08:11 Le 24 octobre, donc très bientôt, va avoir lieu dans le cadre du Salon du littoral,
08:18 qui se déroulera au Parc des Expositions de Montpellier, une initiative qui s'appelle "Osons la Méditerranée".
08:25 Osons la Méditerranée visera à poser les bases d'un Parlement de la Mer méditerranée,
08:30 avec les Parlements de la Mer français, des côtes littorales, des côtes méditerranéennes.
08:36 Je pense à la Corse, à Paca, Sudpaca, et plus bien sûr le Parlement d'Occitanie.
08:42 Ça, c'est un des éléments de "Osons la Méditerranée".
08:45 Et pour illustrer cette thématique de la solidarité qui fondera le Parlement de la Méditerranée,
08:51 nous organisons une table ronde qui réunira le président François Thomas de SOS Méditerranée France,
09:01 mais également le politologue spécialiste des questions de migration, qui est François Gemene,
09:07 que tout le monde connaît bien, parce qu'il est très médiatique du fait de son rôle notamment au sein du GIEC.
09:12 Et puis ensuite, un personnage absolument extraordinaire, qui est Pietro Bartolo.
09:18 Pietro Bartolo est parlementaire européen italien, du Parti Démocrate italien,
09:23 mais au-delà de son étiquette, il est surtout connu comme le médecin des migrants de l'île de Lampedusa.
09:29 Pietro Bartolo a été en première ligne, malheureusement, lors du fameux naufrage que j'évoquais tout à l'heure,
09:35 de la nuit du 3 au 4 octobre 2013.
09:38 Il en parle d'une manière formidable dans son bouquin autobiographique, qui s'appelle "L'arme de sel",
09:43 et que je recommande absolument à tout le monde.

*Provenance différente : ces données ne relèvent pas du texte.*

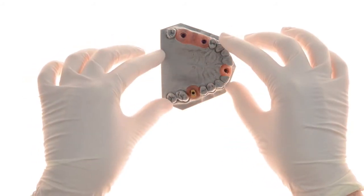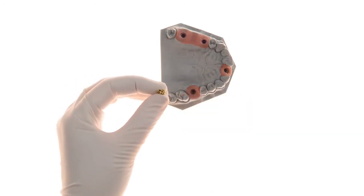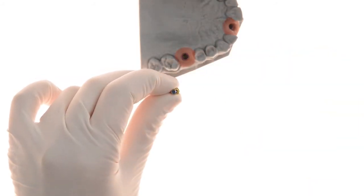With the CAD-CAM library implemented, EasyBase scanning is done either using stone models and wax-ups within the MLAB, or intra-orally scanning in the clinic and then sending digital files.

09:45 Pietro Bartolo sera là pour débattre avec François Gemene et François Thomas.
09:49 Ce sera un grand moment de solidarité.
09:51 Alors, un grand moment de solidarité à vivre.
09:55 Le grand conseil de solidarité de Jean-Pierre Lacan, c'est lequel ?
09:58 Écoutez, nous sommes une humanité.
10:01 Tous ensemble, nous formons une humanité.
10:04 Au-delà de nos différences, au-delà, et au contraire, peut-être à cause de nos différences,
10:09 qui nous enrichissent tous, nous formons une humanité.
10:12 Cette humanité, si on veut qu'elle travaille sur des questions essentielles,
10:17 qui sont notamment celles de la sauvegarde de la planète, il faut qu'elle soit unie.
10:21 Il faut, il est nécessaire qu'elle soit solidaire.
10:23 Ça me paraît tout à fait évident. En tout cas, ça constitue ce que je suis.
10:27 La solidarité, c'est notre vivre ensemble. C'est notre façon de vivre ensemble.
10:32 Et Dieu sait que nous en avons grandement besoin dans un monde devenu violent et extrêmement compliqué.